On Thu, Aug 27, 2020 at 05:27:13PM +0100, Alexandru Elisei wrote:
> It looks to me like the fact that code doesn't take into account the fact that we
> can have concatenated pages at the initial level of lookup. Am I missing
> something? Is it added in later patches and I missed it? I've commented below in a
> few places where I noticed that.

(seems like you figured some of this out in a later reply).

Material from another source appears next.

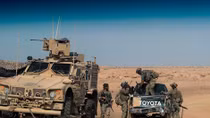 Phiến quân Syria lo sốt vó sau khi xe quân sự Mỹ ùn ùn rời đi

> On 8/25/20 10:39 AM, Will Deacon wrote:
> > The KVM page-table code is intricately tied into the kernel page-table
> > code and re-uses the pte/pmd/pud/p4d/pgd macros directly in an attempt
> > to reduce code duplication. Unfortunately, the reality is that there is
> > an awful lot of code required to make this work, and at the end of the
> > day you're limited to creating page-tables with the same configuration
> > as the host kernel. Furthermore, lifting the page-table code to run
> > directly at EL2 on a non-VHE system (as we plan to to do in future
> > patches) is practically impossible due to the number of dependencies it
> > has on the core kernel.
> >
> > Introduce a framework for walking Armv8 page-tables configured
> > independently from the host kernel.
> >
> > Cc: Marc Zyngier <maz@xxxxxxxxxx>
> > Cc: Quentin Perret <qperret@xxxxxxxxxx>
> > Signed-off-by: Will Deacon <will@xxxxxxxxxx>
> > ---
> >  arch/arm64/include/asm/kvm_pgtable.h | 101 ++++++++++
> >  arch/arm64/kvm/hyp/Makefile          |   2 +-
> >  arch/arm64/kvm/hyp/pgtable.c         | 290 +++++++++++++++++++++++++++
> >  3 files changed, 392 insertions(+), 1 deletion(-)
> >  create mode 100644 arch/arm64/include/asm/kvm_pgtable.h
> >  create mode 100644 arch/arm64/kvm/hyp/pgtable.c

[...]

> > +static u64 kvm_granule_shift(u32 level)
> > +{
> > +	return (KVM_PGTABLE_MAX_LEVELS - level) * (PAGE_SHIFT - 3) + 3;
> 
> Isn't that the same same thing as the macro ARM64_HW_PGTABLE_LEVEL_SHIFT(n) from
> pgtable-hwdef.h? I think the header is already included, as this file uses
> PTRS_PER_PTE and that's the only place I found it defined.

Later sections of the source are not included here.